Con todo, nadie abandonó su porción de pasarela ni la burbuja de
privacidad que aparentemente disfrutaban.
—Desde
el principio, mis inquietudes y las de mis hermanos siguieron caminos
diferentes —confesó Kenak tras el silencioso paréntesis—.
Ellos no veían colmadas sus aspiraciones, deseaban más. Yo me
dejaba llevar. Era más sencillo que oponerse, en especial cuando
todos codiciábamos la cámara bajo el observatorio. Un acto cruel...

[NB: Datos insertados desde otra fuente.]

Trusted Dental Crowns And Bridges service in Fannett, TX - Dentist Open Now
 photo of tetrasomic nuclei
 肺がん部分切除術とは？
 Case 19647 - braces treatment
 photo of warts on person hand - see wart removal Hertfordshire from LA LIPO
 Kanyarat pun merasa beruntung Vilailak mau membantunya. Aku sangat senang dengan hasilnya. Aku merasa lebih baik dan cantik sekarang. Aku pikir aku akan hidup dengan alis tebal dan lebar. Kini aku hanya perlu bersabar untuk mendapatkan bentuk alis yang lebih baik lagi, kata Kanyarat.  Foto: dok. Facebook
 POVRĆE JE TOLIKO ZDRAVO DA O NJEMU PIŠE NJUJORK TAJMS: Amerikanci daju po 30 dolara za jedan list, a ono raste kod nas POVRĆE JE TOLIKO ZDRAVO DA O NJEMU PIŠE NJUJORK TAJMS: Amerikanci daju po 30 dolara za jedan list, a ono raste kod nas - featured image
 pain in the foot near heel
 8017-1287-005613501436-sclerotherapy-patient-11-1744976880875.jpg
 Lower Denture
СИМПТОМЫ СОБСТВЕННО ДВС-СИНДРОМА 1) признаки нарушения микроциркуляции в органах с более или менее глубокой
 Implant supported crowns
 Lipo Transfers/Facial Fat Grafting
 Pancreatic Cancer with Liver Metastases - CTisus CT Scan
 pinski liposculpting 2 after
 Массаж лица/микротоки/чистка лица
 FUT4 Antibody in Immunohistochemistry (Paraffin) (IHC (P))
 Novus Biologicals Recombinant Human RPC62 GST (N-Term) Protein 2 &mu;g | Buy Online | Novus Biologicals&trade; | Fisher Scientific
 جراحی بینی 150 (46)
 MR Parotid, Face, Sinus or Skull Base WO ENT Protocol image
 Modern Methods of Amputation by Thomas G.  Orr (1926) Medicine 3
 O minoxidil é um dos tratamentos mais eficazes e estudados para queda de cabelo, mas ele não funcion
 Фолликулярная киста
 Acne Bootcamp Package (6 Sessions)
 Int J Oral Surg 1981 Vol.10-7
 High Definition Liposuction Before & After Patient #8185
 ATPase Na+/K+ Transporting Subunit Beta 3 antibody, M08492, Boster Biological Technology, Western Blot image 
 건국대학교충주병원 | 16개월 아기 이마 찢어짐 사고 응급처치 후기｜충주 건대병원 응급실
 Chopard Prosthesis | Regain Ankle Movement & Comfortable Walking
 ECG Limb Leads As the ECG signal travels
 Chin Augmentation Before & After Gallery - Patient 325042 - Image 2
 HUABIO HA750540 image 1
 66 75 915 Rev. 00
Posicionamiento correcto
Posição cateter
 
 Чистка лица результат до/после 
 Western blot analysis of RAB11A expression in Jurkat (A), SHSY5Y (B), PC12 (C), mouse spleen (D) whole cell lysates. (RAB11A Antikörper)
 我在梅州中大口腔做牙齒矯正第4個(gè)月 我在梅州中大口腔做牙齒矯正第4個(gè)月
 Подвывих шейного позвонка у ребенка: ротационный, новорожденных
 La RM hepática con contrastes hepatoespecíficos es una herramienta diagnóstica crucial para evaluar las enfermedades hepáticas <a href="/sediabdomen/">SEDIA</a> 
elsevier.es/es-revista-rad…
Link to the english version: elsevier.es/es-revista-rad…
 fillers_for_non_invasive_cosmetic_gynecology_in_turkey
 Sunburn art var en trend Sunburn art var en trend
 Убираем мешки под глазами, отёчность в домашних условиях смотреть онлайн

Sí, lo es. Sí, me he arrepentido en muchas ocasiones y habría
deseado volver atrás. Sin embargo, la cámara no funcionó jamás. Y
solo éramos cuatro. Imaginad por un momento el baño de sangre si
todos los demás, a un tiempo, hubiesen pretendido acceder a ella.
—¿Tanto
anhelas escapar? Si estuviese en tu mano, ¿no preferirías quedarte,
despertar a los tuyos y guiarlos en una nueva etapa consciente?
—Mis
hermanos son inflexibles, no lo aceptarían. En cuanto a mí, no
podría quedarme y contarles la verdad a los otros, a tu amigo
Verorrosso. Me odiarían.
—O
te perdonarían y aceptarían tu experiencia. Eso no lo sabemos.
—Leonardo
da Vinci, desconozco las circunstancias que te han granjeado un
puesto entre nuestros iguales, pero infiero que eres una persona
notable y que tanto tú como tu gente conserváis vuestra integridad
más o menos intacta. La mía hace mucho que se hizo pedazos. Llevo
girando y caminando alrededor de este planeta más de dos mil
doscientos años. En ese tiempo he vivido, he muerto, he renacido. He
amado, perdido y llorado, he vuelto a amar para perder de nuevo,
hasta que ya no me han quedado lágrimas. Y en todos esos años de
contemplar el mismo cielo sobre mí me he dado cuenta de que mi
palacio se ha convertido en mi cárcel y que necesito salir de ella.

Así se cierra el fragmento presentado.